I’m a fixer myself. I want people to be happy and comfortable when they are around me. Recently, I was on a mountain with 10 other mountaineers. Three rope teams trying to go one pace can be annoying for the varying leg lengths and physical conditioning. But hey, that is what we signed up to do. Throughout the entire long weekend, I noticed something about one of the males in our group. He wanted to “fix” everything.
Let me take a step back. My outdoor progression, like most people, is a slow one. I’m not a pro athlete but enjoy driving to the mountains and not being constrained by four walls around me (unless they are tent walls).
I remember being on a hike in Zion many years ago and hiking a slower pace. Scared from the thousands of feet drop off on one side of me at all times. I hugged the inside of the trail until other hikers approached. My husband turning every corner with confidence when I was out of sight, I worried that no one would notice if I would fall or be able to help me.
Celebrating at the top of Angel’s Landing, Zion National Park. September 2010.
Little did I know, his distance is what I needed. It pushed me to hike faster and overcome my fears. My outdoor friends have learned the same thing about me. We go at our own pace most of the time and check in every so many minutes. It keeps everyone enjoying their pace and not being annoyed.
The more I would expose myself to fear, anxiety, and new heights, the more comfortable I became. When I would be at my limits, I wasn’t afraid to turn around and call it a day. Who cares if I didn’t summit or reach the end of the trail.

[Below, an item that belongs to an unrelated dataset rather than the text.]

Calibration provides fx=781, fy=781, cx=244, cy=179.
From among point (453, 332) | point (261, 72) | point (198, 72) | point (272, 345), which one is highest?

I was outside and that’s all that matters to me.
Yes, everyone learns differently. But most people don’t like to feel like they are the slowest or the weakest. They want to be included without feeling they aren’t part of the group. I’m an instructor for an outdoor organization, and I see it all the time. Other instructors hovering over students. Yes, there is a need in some cases when it impacts a large group in the mountains and everyone needs to get down.

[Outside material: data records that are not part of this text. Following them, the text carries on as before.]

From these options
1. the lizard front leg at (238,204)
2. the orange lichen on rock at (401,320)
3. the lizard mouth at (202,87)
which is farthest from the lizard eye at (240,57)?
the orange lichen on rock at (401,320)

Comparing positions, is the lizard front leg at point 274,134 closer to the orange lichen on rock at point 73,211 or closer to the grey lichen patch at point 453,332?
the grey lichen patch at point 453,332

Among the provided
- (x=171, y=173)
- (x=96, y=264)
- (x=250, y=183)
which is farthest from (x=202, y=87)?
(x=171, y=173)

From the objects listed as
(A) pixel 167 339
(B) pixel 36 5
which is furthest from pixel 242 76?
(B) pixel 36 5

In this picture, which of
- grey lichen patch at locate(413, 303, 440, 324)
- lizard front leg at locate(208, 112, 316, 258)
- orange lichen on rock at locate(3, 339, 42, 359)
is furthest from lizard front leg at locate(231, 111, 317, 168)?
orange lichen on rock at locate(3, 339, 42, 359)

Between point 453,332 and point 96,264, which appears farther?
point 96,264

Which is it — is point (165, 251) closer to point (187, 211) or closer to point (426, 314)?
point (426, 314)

Below are a two fresh-off-the-mountain stories on how to help not only women in the outdoors but new adventurers progress.
1. Nobody wants to feel weak or vulnerable.
Loose dirt is scary. No one likes falling and bruising their bum or their ego. Loose dirt and pebbles are unpredictable. I take my time on the steep sections especially when there’s exposure, and that’s okay. When you’re in a large group like I was this past weekend, you want to hike with someone to pass the time or even hike by yourself in sections and then rejoin the group later.
One of the women in our climbing group is strong and confident on snow. However, loose rock on a scramble or the trail was making her nervous. Again it’s okay. After thinking we were done scrambling up loose rock and testing out every handhold. There was one more block we needed to do a couple moves around.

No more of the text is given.